Today, reflecting on the fiftieth anniversary of the tiger cage revelation, it is difficult not to see its cruel echo in the society that killed George Floyd and that has detained migrant children, separating them from their parents at the border. Harkin’s visual record of abuse at the hands of the state, like the excruciating 9-minute video of George Floyd’s murder by Minneapolis police five decades later, galvanized activists to demand better of the United States, to demand transformation.
The current Black Lives Matter protests, like ongoing campaigns to abolish Immigration and Customs Enforcement or ICE, also reflect the importance of bearing witness — as Tom Harkin did. Last year, members of Congress even replicated the visit to Côn Sơn when they ascended a ladder near a private detention facility in Florida to peer over its walls when they were barred from accessing it. But they have yet to defund ICE or even to say much about the abomination of mass incarceration.
If the United States has relinquished its moral authority around the globe thanks to these outrages, then the mobilizations of protesters offer hope for a new ethical compact where state violence—at home, abroad, and at the border in between—is rare and exceptional, and human rights are not ornamental. The protests have been visionary, by demanding that the United States put its resources and creativity not toward honing the machinery of police and prisons to be more effective but toward abolishing this machinery and replacing it with something else: freedom.

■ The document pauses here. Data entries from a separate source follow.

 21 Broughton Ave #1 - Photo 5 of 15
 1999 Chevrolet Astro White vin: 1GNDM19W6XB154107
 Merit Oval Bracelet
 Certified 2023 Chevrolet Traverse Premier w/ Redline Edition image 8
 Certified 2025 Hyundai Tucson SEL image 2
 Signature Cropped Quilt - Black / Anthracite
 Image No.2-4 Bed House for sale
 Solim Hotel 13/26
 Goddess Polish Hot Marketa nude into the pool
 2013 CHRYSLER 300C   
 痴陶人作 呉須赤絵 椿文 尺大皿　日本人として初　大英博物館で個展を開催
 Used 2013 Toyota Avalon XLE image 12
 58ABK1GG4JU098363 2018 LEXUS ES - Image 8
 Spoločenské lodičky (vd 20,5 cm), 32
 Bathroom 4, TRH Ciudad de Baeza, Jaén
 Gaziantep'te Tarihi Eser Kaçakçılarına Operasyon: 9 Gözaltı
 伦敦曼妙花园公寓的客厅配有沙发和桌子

At the very least, because Congress does not directly control local police forces or state prisons in the United States, it could place conditions on its funding assistance, as Harkin ensured it would abroad. Domestic assistance should be terminated if there is evidence of what the State Department calls (overseas) “gross violations of human rights.”
The revelation of the tiger cages of Côn Sơn demonstrated how lawmakers can turn public outrage into decisive legislative action. To protect human rights in Vietnam and elsewhere, Congress defunded the U.S. advisory program to police and prisons overseas, along with the broader war effort itself.
Although inadequate and incomplete, this defunding roadmap should be revived. Lawmakers must now follow that path that leads from overseas fifty years ago back home today, while also installing the demand to defund instruments of state violence into foreign policy.
Today, thanks to smartphones, we are all bearing witness. Defunding is the next step for lawmakers, but the journey must lead to collective liberation.